Olvida crassamente um duplo ordenamento de fundo. A par do direito civil, existe um direito canónico, com regras próprias de direito penal, e aplicado em todo o mundo católico. Não substitui a esfera judicial civil. Aliás as normas canónicas “aplicam-se sem prejuízo dos direitos e obrigações estabelecidos em cada local pelas leis estatais, particularmente as relativas a eventuais obrigações de denúncia às autoridades civis competentes”. Procede paralelamente, e, nestes casos, as penalizações têm sofrido sucessivos agravamentos com o intuito de se erradicar este mal na Igreja. Por outras palavras, um abusador de menores é sujeito a dupla penalização, civil e canónica, desde que se prove a sua responsabilidade. A colaboração na investigação pode ser frutuosa, mas a Igreja não se intromete na esfera própria das autoridades civis. Por outro lado, o ordenamento canónico abrange todos os casos de vítimas com menos de 18 anos e a prescrição já quase não é considerada, uma normativa mais dura do que a civil.
Esta, como outras opiniões, afeta igualmente o princípio de inocência do réu.
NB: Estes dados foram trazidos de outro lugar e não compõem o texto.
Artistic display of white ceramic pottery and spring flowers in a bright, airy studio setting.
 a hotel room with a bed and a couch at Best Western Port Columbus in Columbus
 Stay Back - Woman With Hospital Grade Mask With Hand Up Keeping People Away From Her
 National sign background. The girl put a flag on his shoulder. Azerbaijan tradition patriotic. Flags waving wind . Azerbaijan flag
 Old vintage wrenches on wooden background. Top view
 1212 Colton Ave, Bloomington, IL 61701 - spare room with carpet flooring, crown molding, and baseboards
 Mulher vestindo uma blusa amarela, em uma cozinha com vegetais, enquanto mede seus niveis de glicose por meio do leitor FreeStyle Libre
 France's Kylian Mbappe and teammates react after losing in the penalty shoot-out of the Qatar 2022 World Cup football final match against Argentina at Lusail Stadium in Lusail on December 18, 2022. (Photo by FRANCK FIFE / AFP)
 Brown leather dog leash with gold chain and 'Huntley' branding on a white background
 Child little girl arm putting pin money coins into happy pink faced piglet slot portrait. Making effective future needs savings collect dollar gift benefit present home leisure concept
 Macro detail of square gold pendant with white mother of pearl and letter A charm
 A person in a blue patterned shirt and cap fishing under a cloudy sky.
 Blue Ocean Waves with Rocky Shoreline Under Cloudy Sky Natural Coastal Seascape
Infelizmente, as piadas de mau gosto colocam todos no mesmo saco. Quem é inocente, sem qualquer responsabilidade, sofre pesadas ofensas. Esta é a cruz que temos de suportar.
Os milhares de casos descobertos em todo o mundo ferem-nos profundamente, como têm repetido os pontífices. Se fosse só um caso já seria muito mau. Não é essa a Igreja de Cristo. Contudo, esse mal não pode descredibilizar toda a comunidade cristã, como se tem procurado fazer em alguns sectores. Em todo este processo tem havido muito esforço para que se erradique o mal e se faça justiça às vítimas. Nunca será um trabalho simples,
nem breve. Contudo, não somos ingénuos, o mal da pedofilia é muito maior em outros sectores da sociedade. Tomara que outras instituições fizessem o mesmo esforço. No entanto, concordo que é mais grave para uma comunidade que deveria ser exemplar. O mal do pecado é inerente ao ser humano e a batalha não tem fim.